El primero de los supermercados que visitaba estaba cerca de una salida de la CV—743, en la calle Móstoles. Se trataba de un supermercado que ocupaba toda la manzana. En la fachada destacaba un toldo con los colores de la bandera española y un rótulo en letras de molde en el que se podía leer, en letras rojas y amarillas, Super Paco. Construido en los años setenta en un descampado, había resistido el paso del tiempo y en la actualidad había acabado engullido por los bloques de apartamentos que habían proliferado desde los años ochenta en adelante. Por su situación, siempre estaba lleno de gente comprando. A Jukka le constaba, porque se lo habían comentado en un curso de formación, que numerosas empresas del sector habían intentado comprar el local para incorporarlo a su red, incluso una empresa francesa había llegado a hacer millonarias ofertas en varias ocasiones, pero el dueño no pensaba ni por un momento en desprenderse del negocio. Un dueño, que actuaba de encargado a pie de cañón, con el que Jukka sufría cada vez que visitaba la tienda.

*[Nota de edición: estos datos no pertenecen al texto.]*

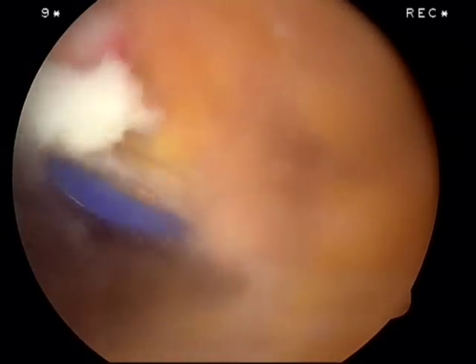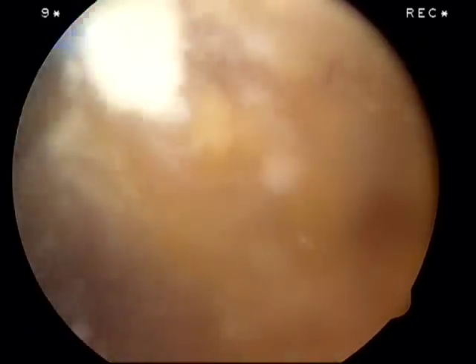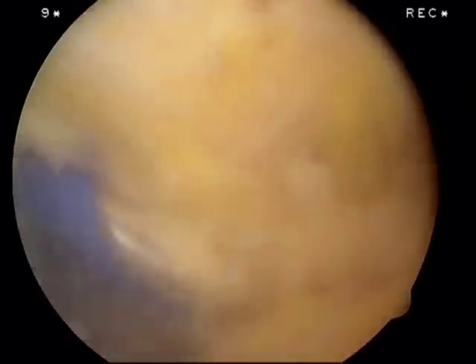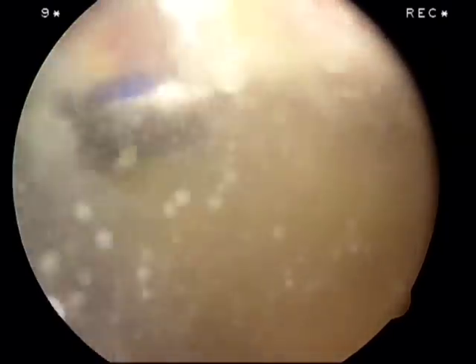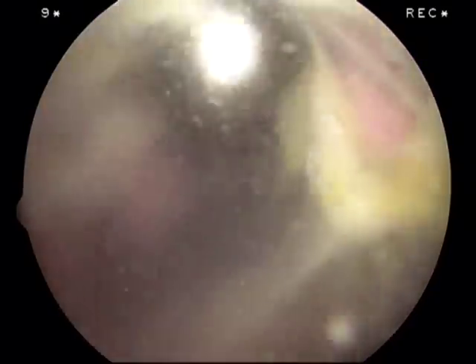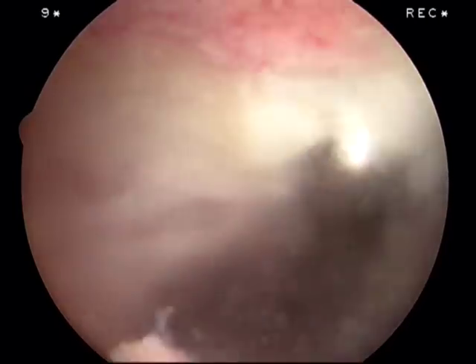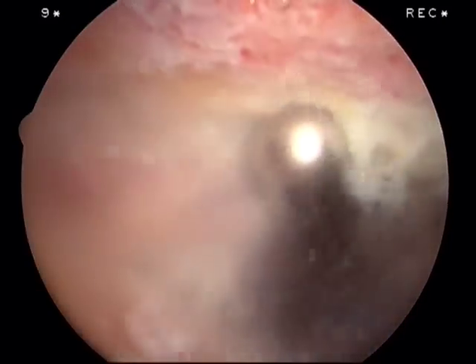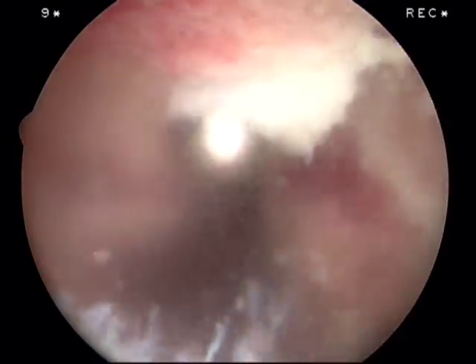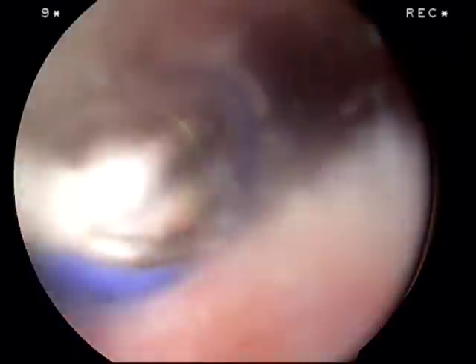Just chew it up, basically. I spot a bleeder — going after it and coagulating. It's nice being able to shave around a bleeder, knowing that if it starts bleeding you can coag it while you're doing it, rather than get a bloody field and have to come back with a cauterize device to find it. We followed the coracoacromial ligament up to the acromion and debride it off of there — a complete resection of the ligament, not just a release. And we're really done with the decompression portion.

Francisco Ramírez, así se llamaba, era de poca altura, alrededor de un metro sesenta. Tenía la cara cuadrada y apenas le quedaba pelo, el poco que tenía estaba cubierto de canas. De mirada viva, sus ojos verdes brillaban maliciosamente cuando bromeaba. Solía acompañar sus comentarios con una sonrisa burlona y un gesto desconcertante consistente en mirar a los lados, como esperando aprobación a sus palabras. A diferencia de otros encargados, le gustaba recibir a los promotores y comerciales en su despacho. En un espacio de apenas seis metros cuadrados tenía una mesa de madera de estilo rústico, una silla de director forrada en cuero y una desvencijada silla de comedor, seguramente rescatada de algún contenedor, para las visitas. Sin ventanas, la única corriente de aire que existía era un destartalado ventilador que estaba sujeto a una de las paredes y que apuntaba siempre hacia su sitio, por lo que el aire pasaba sin efecto alguno por encima de la visita que se encontrara con él. Para acabar de rematar la claustrofobia reinante en tan minúsculo despacho, Francisco Ramírez tenía colocado un retrato de Franco en la pared justo encima de su sillón de director. No se trataba de una foto cualquiera. Como el mismo Ramírez recordaba hasta el aburrimiento, se trataba de: “Un auténtico retrato de Jalón Ángel. Francisco Franco en su Cuartel General. Me avisaron a tiempo antes de que lo tiraran a la basura. Estaba en el almacén de la Delegación de Hacienda de Alicante. ¡Tirar a la basura al Generalísimo! ¡Al Caudillo! Así nos va”. Este relato lo hacía invariablemente a cada visita.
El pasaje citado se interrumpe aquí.